バーコードによる食糧支援~マラウイより~

2013.05.17

「待たせない」 バーコードで配給

食糧配給を行う場所に集まった女性たち
食糧配給を行う場所に集まった女性たち

この記事はワールド・ビジョン・ジャパンの望月スタッフが執筆し、2013年5月12日付SANKEI EXPRESS紙に掲載されたものです。

2012年8月、アフリカ・マラウイでは人々が深刻な食糧不足に直面していた。通貨切り下げによる物価高騰に加え、特に南部では前年の降雨不足で不作が続いた。そのためワールド・ビジョンを含む多くの支援団体が、緊急食糧援助を行った。

マラウイ国民の多くは小規模な自給自足農業を行い、主食となる白トウモロコシ(メイズ)などを作っている。雨水に頼った農業なので、生活をぎりぎり維持できる程度の収穫しかない。そのため降雨が少ないと、日々の糧に困窮するほどの状況に陥るのだ。

今年3月、マラウイ南部のムワンザ郡マパンガ村とチクワワ郡サポア村を訪れた。
どちらも昨年の干魃(かんばつ)の影響で、まだ食糧支援活動が続けられていた。

バーコードと顔写真がついたカードを使って、食糧を受け取る人を確認する
バーコードと顔写真がついたカードを使って、食糧を受け取る人を確認する

午前10時30分、マパンガ村の食糧配布場所では、300人ほどが集まっていた。1世帯が受け取る1カ月分の食糧は、メイズの粉50キロ、豆類10キロ、トウモロコシと大豆を混ぜた高栄養な粉(CSB)5キロ、サラダ油2リットル。食糧支援を受け取る世帯は、政府の調査と村の中での調整で決まる。

食糧を配る際、最も時間を要するのが、配給の対象になっているかどうかの確認作業だ。以前は配布状況を各世帯ごとに記した紙をチェックするやり方で時間がかかり、村人たちを何時間も待たせることもあった。

そこで今回、顔写真入り・バーコード付きのカードを世帯ごとに発行。本人確認、これまでの受給状況、世帯構成などが一括管理できるようになった。バーコードリーダーは電気が通ってなくても動く電池式だ。おかげで本人確認は数秒で完了。「この支援が生活の支えになっている」と感謝の言葉が聞かれ、事業が実際に役に立っていることを実感できた。

「依存」の助長ではなく自立の一助に

貯蓄グループのメンバーと望月スタッフ
貯蓄グループのメンバーと望月スタッフ

ところがマラウイで食糧支援の現場を訪ねてみて、別の考えも浮かんだ。暮らしを支える一方で、「食べ物を配り続けることが、自立した生活を妨げるのではないか」という懸念が頭をよぎる。

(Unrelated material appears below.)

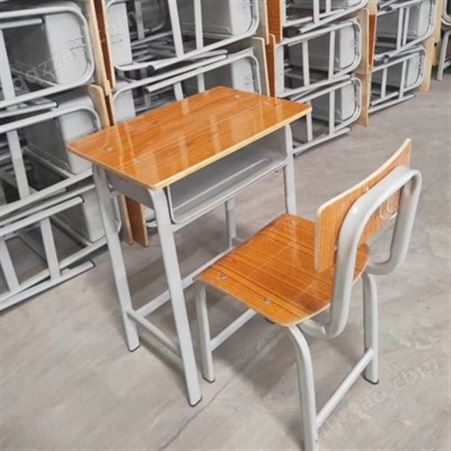 钢木学生课桌椅厂家 广西中小学生辅导桌椅  培训课桌椅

食糧支援の難しさは、食糧を提供することが受け取る側に「依存心」を生み、結果的に更なる援助を助長するのではないかという恐れがともなうことだ。自然災害や極度の貧困への支援は一時的なものであるという意識を、支援「する側」も「される側」も持たなければいけない。そのためには、貧困から抜け出し自立するための支援が大切だ。

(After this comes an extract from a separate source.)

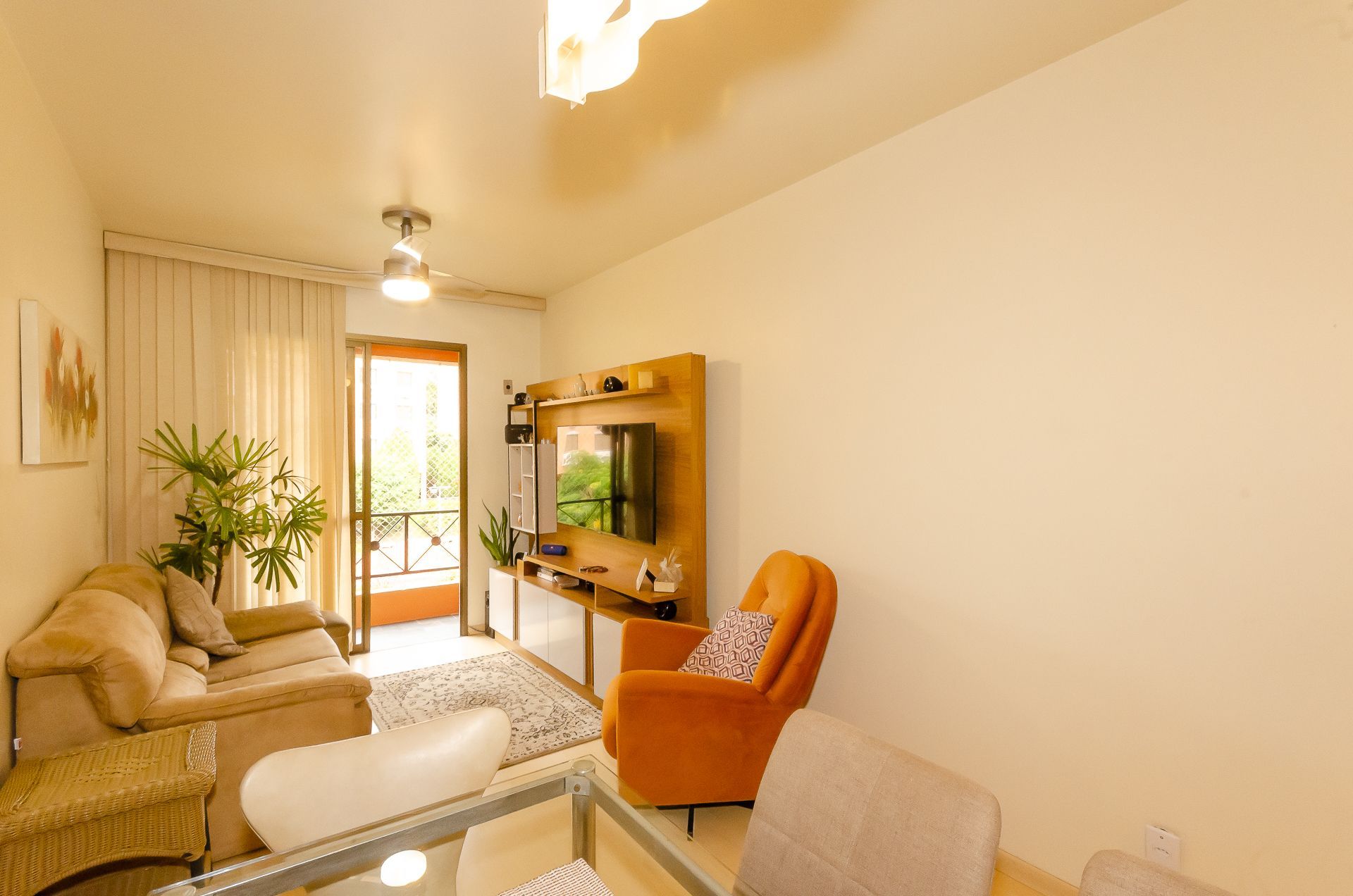 Edifício Residencial Villagio Di Roma- Apartamento a venda com 3 dormitórios no bairro Jardim Carvalho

チクワワ郡サポア村でワールド・ビジョンは、食糧支援と並行して、村人が小規模なグループを作って共同で貯蓄し、相互扶助的に貸付をする仕組みを根付かせようと取り組んでいる。30人程度のグループを作り、一人当たり毎月2~3ドルを集めて貯め、
グループのうち1人が全額を借りて元手にし、新たなビジネスを始める。
ビジネスは、市場で大量の塩や炭を購入し、村で小分けにして販売したり、ドーナツのような
揚げ菓子を作って販売したりするという身近なニーズに応えるものだ。
こうした小さなビジネスでも利益が出る。すると借り手は売り上げの中から毎月、
利子をつけて返済、そのお金がまた次の貸付への原資になる-という仕組みだ。

子どもは好奇心旺盛。カメラを向けるとたちまち集まってくる
子どもは好奇心旺盛。カメラを向けるとたちまち集まってくる

このグループに入っているある女性は「生活費だけでなく、子供を学校に通わせるために必要な資金も稼ぐことができた。今後はヤギを購入して、更にビジネスを大きくすることが目標。子供の教育に投資すれば自分たちの子供は将来もっと良い仕事を見つけることができる」と目を輝かせる。

何より「ずっと援助に頼りたくない」という思いを持っていることがうれしかった。もちろんビジネスが軌道に乗るまでに時間がかかる人もいる。グループの女性からは「帳簿の記入の仕方など基本的なビジネス管理術を学ぶ機会があれば」という声もあがり、課題も見つかった。

食糧支援から自立や持続的な開発へと、マラウイの人々の暮らしがうまく安定していくことを期待しつつ、より良い支援を考える努力を日々、続けていきたい。そんな思いを胸に日本への帰路についたのだった。